[Collected data]
== Segment start ==
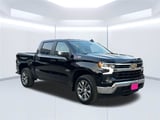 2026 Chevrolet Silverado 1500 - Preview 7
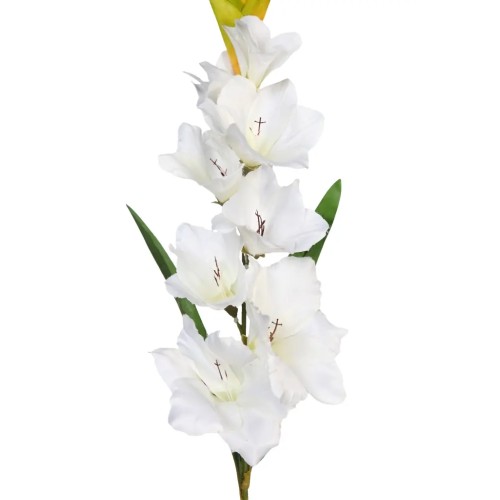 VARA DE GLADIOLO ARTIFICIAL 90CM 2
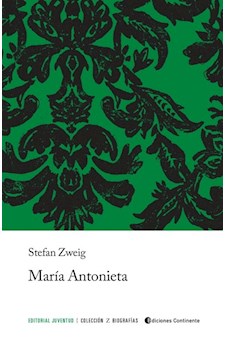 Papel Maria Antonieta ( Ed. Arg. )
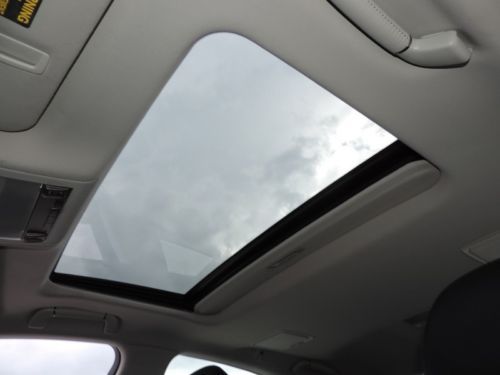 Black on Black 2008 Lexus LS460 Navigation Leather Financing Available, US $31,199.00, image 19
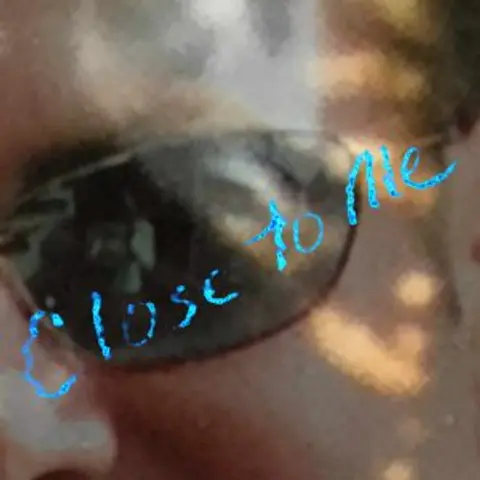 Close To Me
== Segment end ==
Aim of the task:
Each of the entries above must be output exactly, with none of the pictures.

Answer box:
 2026 Chevrolet Silverado 1500 - Preview 7
 VARA DE GLADIOLO ARTIFICIAL 90CM 2
 Papel Maria Antonieta ( Ed. Arg. )
 Black on Black 2008 Lexus LS460 Navigation Leather Financing Available, US $31,199.00, image 19
 Close To Me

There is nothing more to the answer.